=== Work item ===
From the listing below, output only the lines starting at the line that has "DILASH（ディラッシュ）の「キルティングリバーシブルベスト（ベスト" and ending at the line that has "Skoda Enyaq 85 iV Sportline 5d", exactly as they appear, ends included.

=== Listed records ===
═══

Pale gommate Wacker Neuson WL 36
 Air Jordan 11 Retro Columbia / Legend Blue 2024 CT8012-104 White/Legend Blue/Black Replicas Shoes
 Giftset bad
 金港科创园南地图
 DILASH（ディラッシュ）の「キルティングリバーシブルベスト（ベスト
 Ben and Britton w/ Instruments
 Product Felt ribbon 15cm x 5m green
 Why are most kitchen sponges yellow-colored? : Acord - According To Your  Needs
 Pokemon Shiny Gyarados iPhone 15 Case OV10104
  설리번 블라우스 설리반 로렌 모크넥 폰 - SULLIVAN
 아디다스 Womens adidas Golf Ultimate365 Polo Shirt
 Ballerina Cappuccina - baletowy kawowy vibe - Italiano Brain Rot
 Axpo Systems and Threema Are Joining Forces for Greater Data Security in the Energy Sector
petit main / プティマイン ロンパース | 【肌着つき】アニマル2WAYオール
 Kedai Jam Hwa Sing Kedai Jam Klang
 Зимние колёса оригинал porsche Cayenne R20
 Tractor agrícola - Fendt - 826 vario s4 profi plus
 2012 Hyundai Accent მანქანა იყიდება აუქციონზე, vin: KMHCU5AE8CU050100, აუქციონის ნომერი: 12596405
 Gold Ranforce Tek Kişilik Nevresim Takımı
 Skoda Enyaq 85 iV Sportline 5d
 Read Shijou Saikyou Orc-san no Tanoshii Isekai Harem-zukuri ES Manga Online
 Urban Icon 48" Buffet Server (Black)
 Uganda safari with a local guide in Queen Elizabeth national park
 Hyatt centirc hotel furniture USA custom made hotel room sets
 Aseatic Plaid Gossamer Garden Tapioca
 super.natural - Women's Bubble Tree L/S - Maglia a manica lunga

═══

=== Solution to this exercise ===
 DILASH（ディラッシュ）の「キルティングリバーシブルベスト（ベスト
 Ben and Britton w/ Instruments
 Product Felt ribbon 15cm x 5m green
 Why are most kitchen sponges yellow-colored? : Acord - According To Your  Needs
 Pokemon Shiny Gyarados iPhone 15 Case OV10104
  설리번 블라우스 설리반 로렌 모크넥 폰 - SULLIVAN
 아디다스 Womens adidas Golf Ultimate365 Polo Shirt
 Ballerina Cappuccina - baletowy kawowy vibe - Italiano Brain Rot
 Axpo Systems and Threema Are Joining Forces for Greater Data Security in the Energy Sector
petit main / プティマイン ロンパース | 【肌着つき】アニマル2WAYオール
 Kedai Jam Hwa Sing Kedai Jam Klang
 Зимние колёса оригинал porsche Cayenne R20
 Tractor agrícola - Fendt - 826 vario s4 profi plus
 2012 Hyundai Accent მანქანა იყიდება აუქციონზე, vin: KMHCU5AE8CU050100, აუქციონის ნომერი: 12596405
 Gold Ranforce Tek Kişilik Nevresim Takımı
 Skoda Enyaq 85 iV Sportline 5d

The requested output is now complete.